We found that 40% of patients visiting the Srinagarind hospital outpatient department were paying out of pocket. The most common reasons were desire of treatment from a specialist, the reputation of the hospital, service satisfaction, having received ineffective treatment from another health-care provider, having been recommended by a friend or relative, and the perception that their local healthcare provider would not be able to treat their illness. However, more than half of these patients believed that their visit would be covered by the national health-care services.

Surprisingly, more than half of the patients visiting the Srinagarind hospital outpatient department did not know about their government-provided health insurance. This may have resulted from misunderstanding in the term of health insurance between the patients and medical personnel. In medical personnel, health insurance according to the Thai public health system means that there is no payment need in patients visiting health-care provider. However, in some patients, hospital cost to pay also means that they have the hospital's health insurance. This kind of misunderstanding can lead to hospital visits that are not covered by the patient's insurance. This issue is simply solved by extensively provide the corrected information regarding health care insurance.

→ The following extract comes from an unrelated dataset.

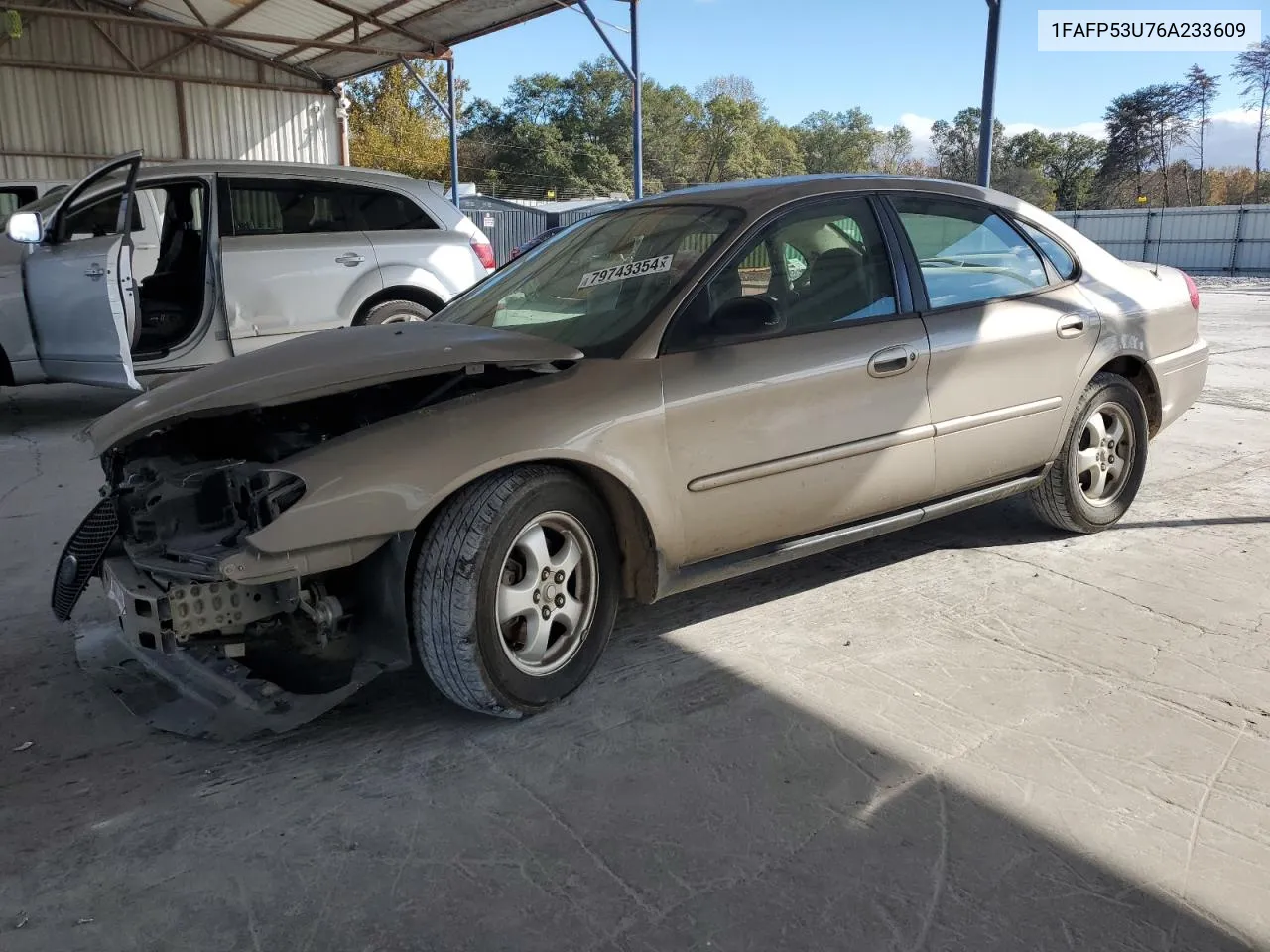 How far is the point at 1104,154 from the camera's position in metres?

Most patients, regardless of coverage status or place of residence, visited Srinagarind hospital because they desire of treatment by a specialist. This finding is consistent with those of a previous descriptive study, which found that self-referral patients bypassed primary care facilities due to distrust in the medical personnel/equipment at the primary facilities, high illness expectation more than the primary care can handle,[6] and their perceptions of their diseases/symptoms. However, patient perception of illness often does not correspond with reality. A previous study suggested that patients tend to evaluate their necessity to undergo examination higher than physicians do.[8] Patients visiting the outpatient department are generally patients without emergency conditions and who are not in need of a specialist. Despite this, many of these patients seek out treatment facilities in which specialists are available, possibly as a result of anxiety[9] or wrongly estimating the emergency level of their disease.[10]

Patients who resided outside of Khon Kaen had different reasons for visiting Srinagarind Hospital than those living within the province. The reasons for interprovincial visits were requiring treatment by a specialist, having received ineffective treatment from another health-care provider, having been recommended by a friend or relative, and the perception that their local health-care provider would not be able to treat their illness. These reasons demonstrated an attitude to the health-care provider and confidence in the treatment of tertiary care from patients and people around. Although the illnesses of many patients in this study could have been treated by a local health-care provider, the patients spent the additional time and money required to receive treatment at the tertiary hospital. This finding was consistent with those in previous reports, which have suggested that patients have a low level of confidence to primary care units.[11],[12],[13] These support the decentralization of health-care system, which is in the part of reduction of the social disparity, to distribute more specialist to the primary and secondary care.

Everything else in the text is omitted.